Monday, November 3, 2008

J.B. Van Hollen Decides Not To Appeal Tossed Lawsuit, Happy with Voter Faud Scare Effect

Since election day is here, guess what the Wisconsin AG did today? He dropped his threat of an appeal regarding voter registration that was tossed a few days ago. Surprised? Not really, when you consider the attention he drew to the mythical voter fraud threat to our democracy, and the possible effect of discouraging a few citizens from voting. The Wisconsin State Journal explains:

Attorney General J.B. Van Hollen won't appeal a decision dismissing his voter registration lawsuit before Election Day. Justice Department officials said that day they planned to appeal, but spokesman Bill Cosh said Monday the agency realizes there's no chance of relief before the election.

According to John Nichols, wimp meister writer for the Nation and the Capital Times online:

After claiming for weeks that there was nothing partisan about his ambitious election season regimen of suing the Government Accountability Board and dispatching attorneys and special agents to polling places where high Democratic turnouts might reasonably be expected, Attorney General J.B. Van Hollen comes out of the closet Tuesday night.
He's co-hosting the "Wisconsin GOP Election Night Party" -- where supporters of John McCain and Sarah Palin will toast their successes or drown their sorrows -- at a Waukesha hotel. Van Hollen, a McCain campaign co-chair, will be joined by other non-partisan good government activists like Republican congressmen Paul Ryan and Jim Sensenbrenner.

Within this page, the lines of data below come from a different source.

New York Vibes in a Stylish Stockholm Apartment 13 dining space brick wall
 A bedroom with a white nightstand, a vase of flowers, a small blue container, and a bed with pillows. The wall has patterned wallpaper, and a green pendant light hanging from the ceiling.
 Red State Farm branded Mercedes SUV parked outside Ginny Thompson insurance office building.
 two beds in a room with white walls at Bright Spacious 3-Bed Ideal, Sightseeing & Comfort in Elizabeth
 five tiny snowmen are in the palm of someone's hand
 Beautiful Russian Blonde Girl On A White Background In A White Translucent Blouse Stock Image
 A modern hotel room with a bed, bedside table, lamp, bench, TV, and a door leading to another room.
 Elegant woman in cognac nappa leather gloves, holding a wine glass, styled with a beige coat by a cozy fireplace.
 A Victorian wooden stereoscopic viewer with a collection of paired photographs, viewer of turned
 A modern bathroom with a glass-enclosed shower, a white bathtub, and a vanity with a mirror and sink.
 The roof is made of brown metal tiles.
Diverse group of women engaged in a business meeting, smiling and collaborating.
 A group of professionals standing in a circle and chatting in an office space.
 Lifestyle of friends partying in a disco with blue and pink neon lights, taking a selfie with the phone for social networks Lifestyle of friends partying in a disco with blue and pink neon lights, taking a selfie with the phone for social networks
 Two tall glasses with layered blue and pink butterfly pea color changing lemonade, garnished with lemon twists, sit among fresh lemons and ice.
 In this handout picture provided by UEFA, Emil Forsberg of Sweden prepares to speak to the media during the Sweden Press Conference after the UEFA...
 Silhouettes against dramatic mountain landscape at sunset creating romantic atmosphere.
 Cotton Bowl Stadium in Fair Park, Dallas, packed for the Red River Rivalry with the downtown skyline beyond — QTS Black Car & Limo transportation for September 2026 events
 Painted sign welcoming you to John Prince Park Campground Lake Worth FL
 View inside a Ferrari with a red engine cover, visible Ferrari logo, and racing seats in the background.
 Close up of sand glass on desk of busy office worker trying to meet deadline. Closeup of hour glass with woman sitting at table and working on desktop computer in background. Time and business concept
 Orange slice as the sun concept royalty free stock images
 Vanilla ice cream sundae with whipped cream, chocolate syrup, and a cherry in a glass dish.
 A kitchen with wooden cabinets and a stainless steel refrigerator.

Not very, says top McCain aide Ronald Michaelson, the former executive director of the Illinois Board of Elections who serves as a key member of the McCain-Palin campaign's "Honest and Open Election Committee," was asked by ProPublica reporter Chisun Lee whether he could name a single instance in which fake voter registrations lead to phony votes. "Do we have a documented instance of voting fraud that resulted from a phony registration form?" asked Michaelson rhetorically. "No, I can't cite one chapter and verse."

He was also asked whether Republican campaigners -- and, presumably, officials such as Van Hollen -- have gone too far in stirring up fears about voter fraud. "Well, it doesn't help," admitted Michaelson. "It has captured the attention of a lot
of people. Maybe it's because there's nothing else to talk about."